Mas, apesar de não trazer nenhum ponto final a nenhuma das três histórias, Adú pretende levar diversos pontos de reflexão ao público. Desde o menino de 6 anos que dá nome ao longa (Moustapha Oumarou) até a filha de um protetor de elefantes que encara o vício em drogas, o filme se propõe a expor problemas cotidianos da vida da pequena criança que tenta sair da África ao lado de sua irmã. Simultaneamente à crítica social no formato de odisseia, a trama com a jovem Sandra (Anna Castillo) e o pai Gonzalo (Luis Tosar) oferece uma parcela mais sentimental dentro do todo.

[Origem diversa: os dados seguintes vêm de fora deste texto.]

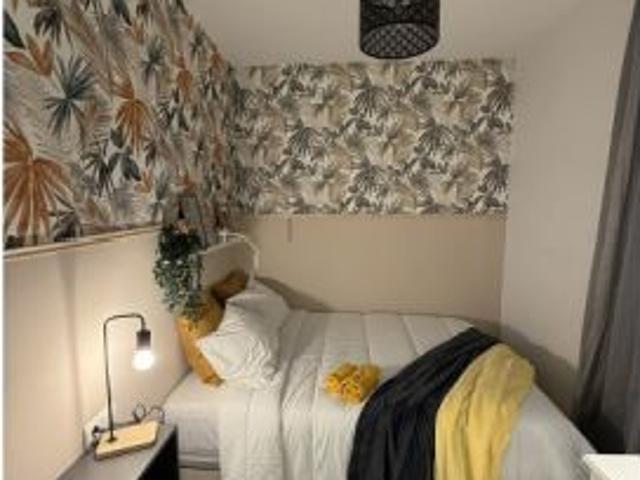 Habitación en Alicante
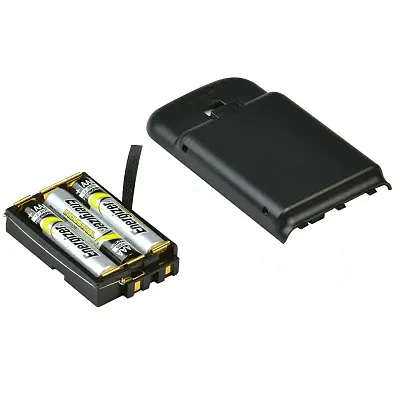 Listen Tech ListenTALK AAA Battery Compartment LA-435
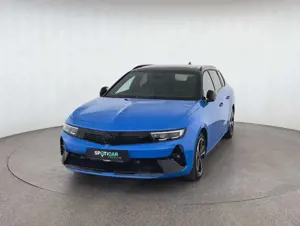 Opel Astra L  1.6 GSe *NAVI*360°K*ACC*uvm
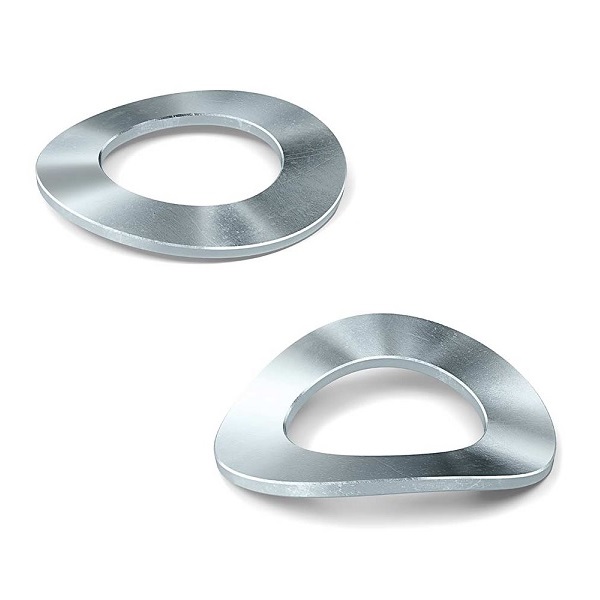 podložka prehnutá M 20 č     DIN 137B 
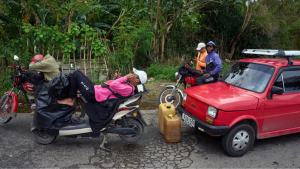 Las brechas económicas de Cuba se están ampliando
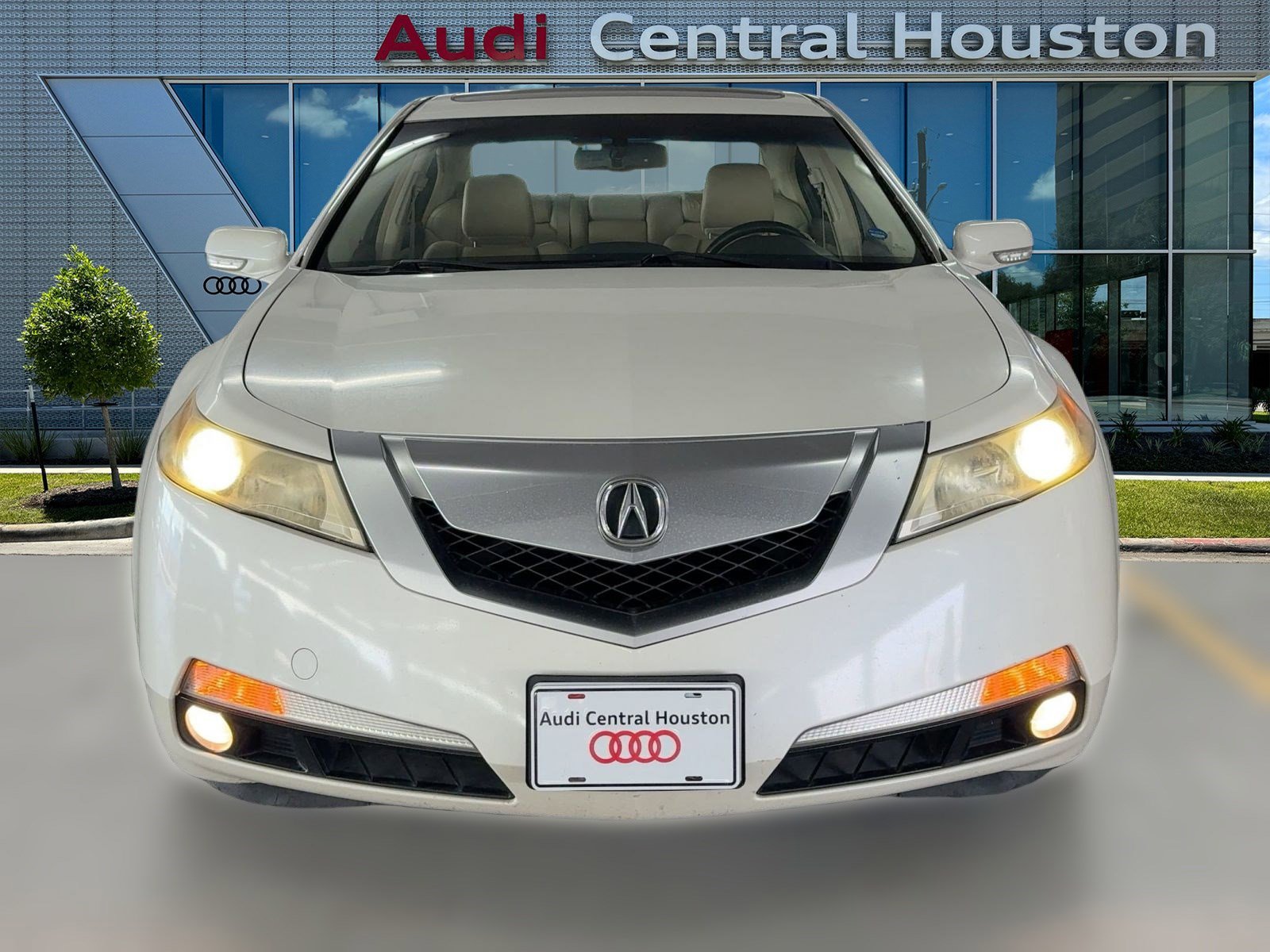 Used 2009 Acura TL image 6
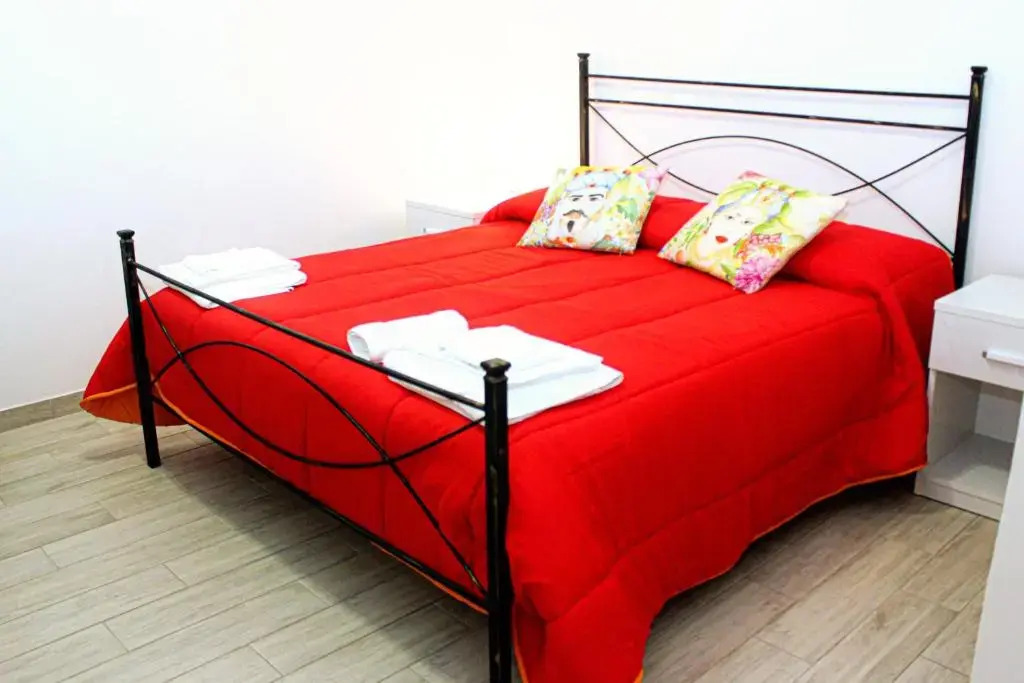 B&B Ciccannina
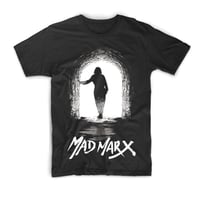 T-shirt Mad Marx : Tunnel (XS to XXL)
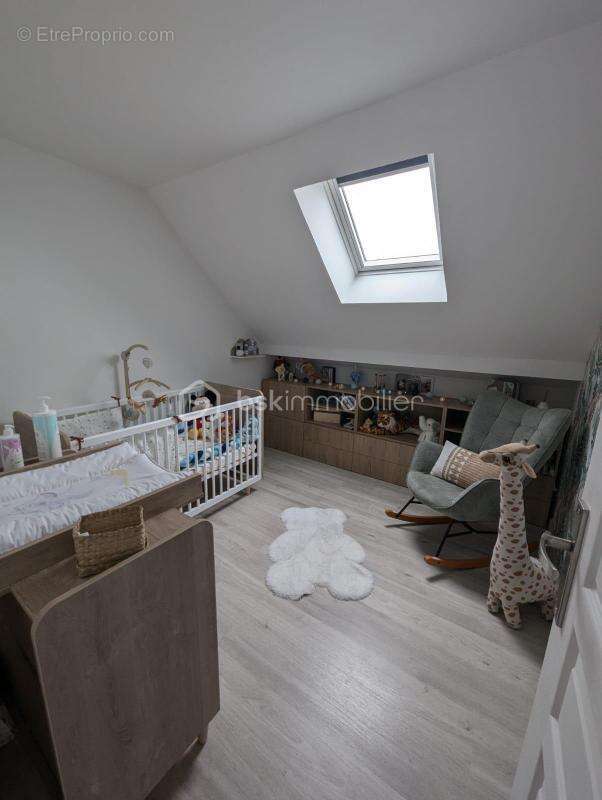 Appartement à OZOIR-LA-FERRIERE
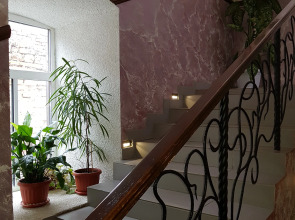 Мини-отель Blackberry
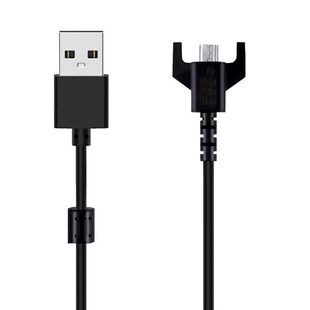 适用罗技狗屁王鼠标转接头充电线GPRO G903 G403 gpw一二代 G900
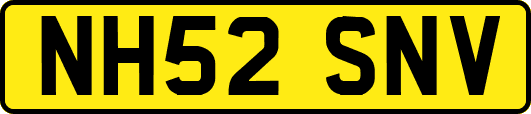 NH52SNV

Além destas duas histórias paralelas que se cruzam brevemente em momentos-chave, porém sem a consciência dos personagens, Adú também traz à tona a discussão sobre crimes entre policiais. A cena de abertura do filme traz o assassinato de um emigrante negro que é derrubado de uma cerca por um policial. Este se nega a dizer que o matou e, além disso, obriga seus colegas a serem coniventes com tal mentira. Ainda que marque um tema relevante, este arco do policial Mateo (Álvaro Cervantes) é também um tanto problemático, pois entrega um desfecho do "branco salvador" não muito convincente.
FILME ABORDA PROBLEMAS SOCIAIS EXTREMOS E O DIA A DIA DE PESSOAS INVISÍVEIS
Adú é um filme difícil de ser digerido pela crueza com que trata temas como emigração, violência policial e desavenças familiares. E, mais do que isso, é um filme cruel por retratar com bastante disparidade os problemas entre os personagens. Enquanto de um lado temos uma criança enfrentando seus piores pesadelos a fim de cruzar a fronteira e chegar à Europa, do outro temos um pai mais preocupado com sua filha do que com a ONG que o trouxe até a África. Existe um simbolismo na trama de Gonzalo - o fato de proteger não só os animais como também Sandra -, mas aos poucos a força dos acontecimentos iniciais do filme vão se dispersando. Ainda mais quando comparamos os problemas de Adú com os de Sandra (algo que a direção e montagem fazem questão de deixar no ar).
Porém, o arco de Adú nunca perde sua potência emocional e reflexiva, especialmente com a bela fotografia que capta a solidão e os perigos que o protagonista observa. Aliás, é muito provável que o espectador queira ver até mais deste personagem - especialmente alguns acontecimentos mais leves que as inúmeras desventuras que encontram o ingênuo e bondoso menino. Não existe tanto balanço para compor o personagem, e talvez seja isso que o desarmonize com as demais narrativas.
É triste constatar que sua história seja permeada por incertezas e crueldade, mas a intenção do diretor é clara: ressaltar a indiferença pela qual pessoas como Adú têm de passar involuntariamente para sobreviver. Só assim, evidenciando tais questões sobre sobrevivência e liberdade por meio do cinema, que espectadores no Ocidente podem ter o mínimo de noção sobre como é acompanhar a rotina imprevisível de seres humanos invisíveis.